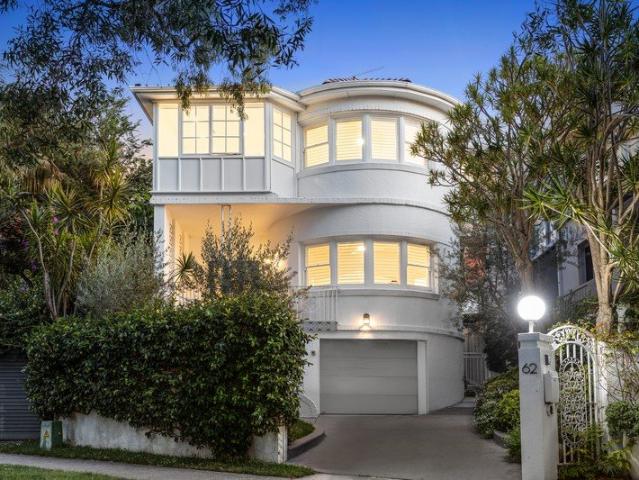A Landmark 1930s P&O Style Beach House With Northerly Views In The Heart Of South Bondi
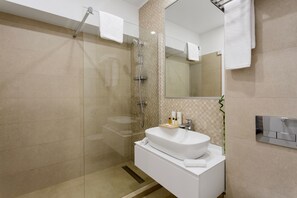 Standard Double Room, Balcony | Bathroom | Free toiletries, hair dryer, bathrobes, slippers - Athina Suites Hotel (Bucharest)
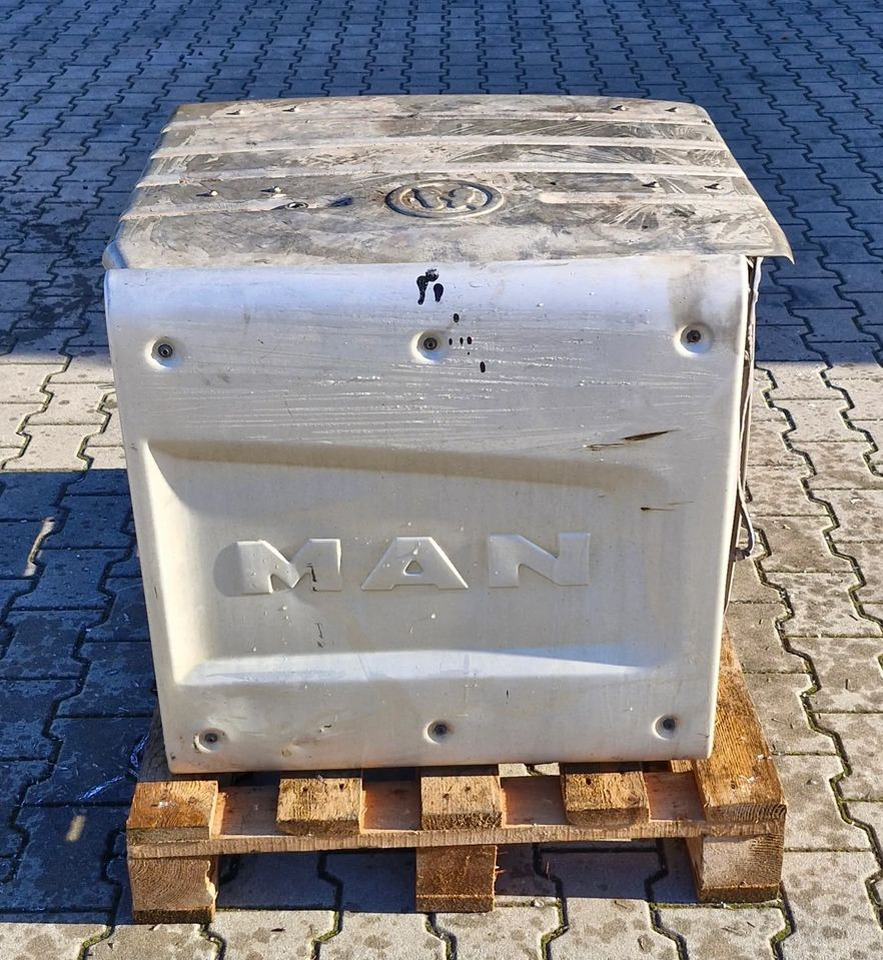 MAN TG3 TGX TGS KATALIZATOR TŁUMIK 81.151036182 81.151030164 - Katalysator: bilde 1 MAN TG3 TGX TGS KATALIZATOR TŁUMIK 81.151036182 81.151030164 - Katalysator: bilde 1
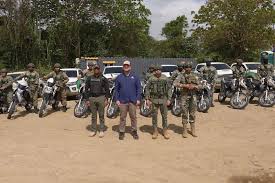 Motocicletas SENPA vigilancia río Haina en operativo ambiental en República Dominicana.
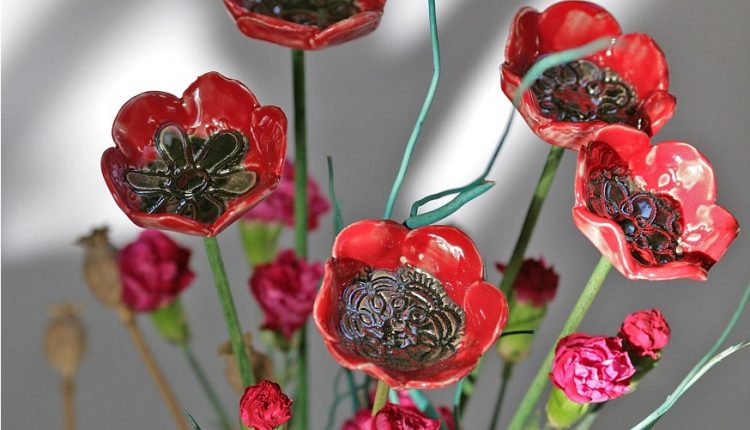 Ceramiczne kwiaty – drobiazgi do domu i ogrodu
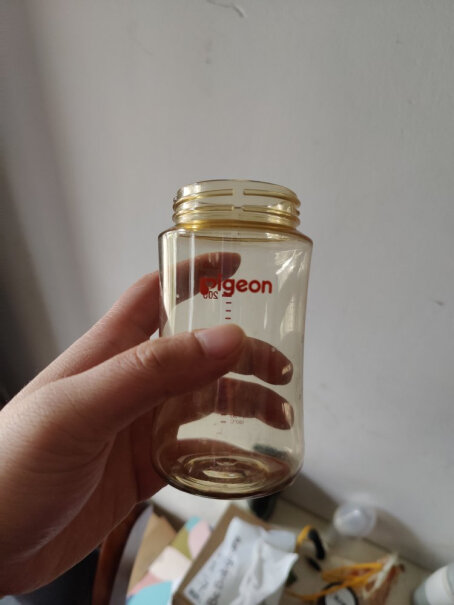 贝亲（Pigeon奶瓶自然实感第3代奶瓶第三代的PPSU瓶身为什么那么薄，稍微用力捏一下就凹进去，正常？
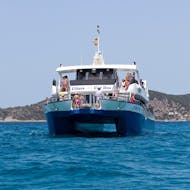 Nuestro catamarán navega con todos a bordo durante la Excursión en Catamarán a Cala Saona o Llevant con Apéritif con Sea Experience Ibiza.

What to do
Your copy should hold exactly the lines from the line containing "Motocicletas SENPA vigilancia" through the last line of the listing above, both included, and no pictures.

Output for this exercise
 Motocicletas SENPA vigilancia río Haina en operativo ambiental en República Dominicana.
 Ceramiczne kwiaty – drobiazgi do domu i ogrodu
 贝亲（Pigeon奶瓶自然实感第3代奶瓶第三代的PPSU瓶身为什么那么薄，稍微用力捏一下就凹进去，正常？
 Nuestro catamarán navega con todos a bordo durante la Excursión en Catamarán a Cala Saona o Llevant con Apéritif con Sea Experience Ibiza.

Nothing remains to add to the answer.